Nusa Dua, Gatra.com – Presiden Dewan Eropa Charles Michel menyebut ajang Konferensi Tingkat Tinggi atau KTT G20 tahun ini adalah yang paling berat dalam sejarah. Alasannya karena Rusia sebagai salah satu anggota G20, justru terang-terangan menyerang Ukraina. Tindakan yang menyebabkan keretakan jalinan persahabatan antara negara-negara anggota G20 dan merambat menyebabkan beragam krisis global.
“Selamat untuk Presiden Jokowi. Kami bertemu di [KTT ASEAN] Kamboja, dan saya pikir Indonesia berhasil memimpin kedua hal ini,” ujar Michel dalam konferensi pers di Bali International Convention Center (BICC), Nusa Dua, Bali, Selasa (15/11).
Seperti diketahui, Indonesia menerima estafet keketuaan ASEAN dari Kamboja dan akan menjadi Ketua ASEAN pada 2023. Penyerahan keketuaan tersebut berlangsung pada Upacara Penutupan KTT Ke-40 dan Ke-41 serta KTT Terkait lainnya di Hotel Sokha Phnom Penh, Minggu (13/11).

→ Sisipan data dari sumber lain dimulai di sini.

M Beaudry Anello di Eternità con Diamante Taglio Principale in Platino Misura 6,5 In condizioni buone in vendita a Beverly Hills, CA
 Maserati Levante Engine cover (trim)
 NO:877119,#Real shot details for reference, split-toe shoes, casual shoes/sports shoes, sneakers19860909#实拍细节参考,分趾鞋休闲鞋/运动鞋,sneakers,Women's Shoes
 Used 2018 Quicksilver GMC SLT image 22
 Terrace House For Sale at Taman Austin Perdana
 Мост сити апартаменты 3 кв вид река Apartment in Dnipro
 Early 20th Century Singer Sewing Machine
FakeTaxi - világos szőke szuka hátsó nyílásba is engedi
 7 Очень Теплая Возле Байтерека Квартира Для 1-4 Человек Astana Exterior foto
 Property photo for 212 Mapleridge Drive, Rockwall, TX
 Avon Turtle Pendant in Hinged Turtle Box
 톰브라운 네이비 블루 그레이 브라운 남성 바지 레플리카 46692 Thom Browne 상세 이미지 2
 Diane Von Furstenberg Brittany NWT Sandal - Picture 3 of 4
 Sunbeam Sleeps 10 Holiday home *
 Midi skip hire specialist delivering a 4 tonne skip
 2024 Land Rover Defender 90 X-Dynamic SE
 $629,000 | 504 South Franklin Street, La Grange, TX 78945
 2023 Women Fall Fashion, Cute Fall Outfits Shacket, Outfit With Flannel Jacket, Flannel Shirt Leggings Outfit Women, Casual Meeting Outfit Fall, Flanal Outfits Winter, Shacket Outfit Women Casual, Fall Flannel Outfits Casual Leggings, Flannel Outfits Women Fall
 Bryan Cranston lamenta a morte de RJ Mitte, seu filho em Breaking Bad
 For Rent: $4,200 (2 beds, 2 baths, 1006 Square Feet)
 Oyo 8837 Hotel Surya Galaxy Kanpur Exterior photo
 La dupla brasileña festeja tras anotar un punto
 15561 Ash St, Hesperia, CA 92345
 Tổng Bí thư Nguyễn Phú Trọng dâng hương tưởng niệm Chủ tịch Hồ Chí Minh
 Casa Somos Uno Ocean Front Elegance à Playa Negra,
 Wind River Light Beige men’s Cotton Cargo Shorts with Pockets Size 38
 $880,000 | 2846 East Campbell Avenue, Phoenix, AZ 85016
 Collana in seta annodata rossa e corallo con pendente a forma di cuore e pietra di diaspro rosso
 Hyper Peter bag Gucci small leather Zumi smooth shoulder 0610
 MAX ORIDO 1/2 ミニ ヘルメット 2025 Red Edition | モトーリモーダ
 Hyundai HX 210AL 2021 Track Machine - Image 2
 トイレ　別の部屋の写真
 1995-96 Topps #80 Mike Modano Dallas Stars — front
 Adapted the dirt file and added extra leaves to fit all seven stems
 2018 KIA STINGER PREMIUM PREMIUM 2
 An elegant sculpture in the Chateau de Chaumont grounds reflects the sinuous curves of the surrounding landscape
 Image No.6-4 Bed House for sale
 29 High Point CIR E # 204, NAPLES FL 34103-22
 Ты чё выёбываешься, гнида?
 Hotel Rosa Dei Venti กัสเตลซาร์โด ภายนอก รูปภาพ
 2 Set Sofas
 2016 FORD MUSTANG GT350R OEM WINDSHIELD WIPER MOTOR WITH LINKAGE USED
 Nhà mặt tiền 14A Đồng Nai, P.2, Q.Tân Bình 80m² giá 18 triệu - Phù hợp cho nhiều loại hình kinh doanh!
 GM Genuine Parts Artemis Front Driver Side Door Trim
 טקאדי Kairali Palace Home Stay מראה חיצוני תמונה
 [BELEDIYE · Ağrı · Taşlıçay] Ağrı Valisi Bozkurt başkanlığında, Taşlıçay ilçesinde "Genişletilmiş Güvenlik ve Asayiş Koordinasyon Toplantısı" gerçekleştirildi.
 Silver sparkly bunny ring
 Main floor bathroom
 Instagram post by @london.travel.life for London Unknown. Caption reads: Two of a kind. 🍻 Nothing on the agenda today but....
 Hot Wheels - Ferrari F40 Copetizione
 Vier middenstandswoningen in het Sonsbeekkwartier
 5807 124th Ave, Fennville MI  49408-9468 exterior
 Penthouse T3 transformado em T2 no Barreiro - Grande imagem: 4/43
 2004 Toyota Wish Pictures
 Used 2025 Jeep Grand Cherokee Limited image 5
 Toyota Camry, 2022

Baca Juga: Jokowi: Jangan Biarkan Dunia dalam Perang Dingin, G20 Harus Jadi Katalis Ekonomi
Michel menilai KTT G20 tahun ini jauh berbeda jika dibandingkan dengan KTT G20 2022 di Roma, Italia. Saat itu tak ada konflik Rusia-Ukraina, sehingga pertemuan-pertemuan G20 berlangsung lebih bersahabat. Dia juga mengkritik posisi Rusia selaku anggota Dewan Tetap Dewan Keamanan PBB yang seharusnya turut menjaga perdamaian dunia.
Pada kesempatan yang sama, Michel mengaku belum ada kepastian seputar komunike final bersama antara kepala negara.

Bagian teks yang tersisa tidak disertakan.